JL: To date I have not done any live performances of my ambient music. I would LOVE to be able to pull off a live show but It is so difficult to put together a one man ambient show I just don't know if I ever will. I do like to perform live and I've done it in rock bands over the years. I've thought about putting together an ambient show but I just don't have the equipment to do it or the money right now to buy the necessary gear to enable me to put on a live ambient show.
I've seen Robert Rich live 3 different times as well as Ma Ja Le and James Johnson. And I've carefully studied pictures of Steve Roach's live concerts to check out his gear as well. So I've pretty much eyed up their gear to give me an idea of what kind of equipment I would need to pull off a live ambient show. Right now I just don't have enough of the right gear to pull it off. And I'd need to do some pretty extensive programming of certain rhythm tracks before hand to have playing along and that would be a hell of alot of work.
If I could put together a live show it would probably be mostly improvisation as opposed to playing my actual songs from the CD's with maybe some variations on some of my actual songs. It would take some major work to set everything up so that I could do a live show. I'm holding out hope that in the future I can perform some ambient music live but just don't know if it will happen.
AV: What are you looking forward to doing with your music and your art in the years to come that you haven't already done?
JL: Just get it exposed to as many people as possible worldwide and hopefully land some licensing deals with both the art and music which can be a nice source of income if you can get hooked up with that.

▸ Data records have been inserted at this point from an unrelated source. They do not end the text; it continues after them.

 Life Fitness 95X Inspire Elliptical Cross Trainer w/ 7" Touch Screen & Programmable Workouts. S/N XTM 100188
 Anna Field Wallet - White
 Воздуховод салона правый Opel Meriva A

My goal since day one of becoming a musician is to be able to make a living doing music and not have to have another job and that is extremely difficult. Getting some licensing happening would be a good step in that direction.

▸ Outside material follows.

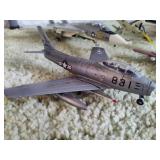 Lot of Vintage Model Airplanes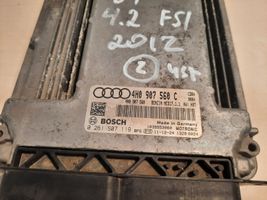 Audi A8 S8 D4 4H Sterownik / Moduł ECU 4H0907560C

Also, I definitely have plans for the future to do a calendar with the art but will probably have to land with a publisher of some kind for that to happen because it's just too expensive otherwise and I'd have no way to distribute it on my own.
AV: Any final thoughts you'd like to share with the readers of Ambient Visions in regards to your music or your art?
JL: I guess my hope is that people will enjoy the music that I've created and hopefully it has relaxed them as well as taken them somewhere at the same time and perhaps even inspired them as well. I look forward to releasing more spacemusic CD's in the future hopefully with not so much time in between releases. Also, I would like to thank Ambient Visions for taking the time to do this interview which is my first ever interview in print.
AV: My pleasure John. I do wish you luck with your future releases of art and music and I hope that you are able to bring them together as you did with Dimensions.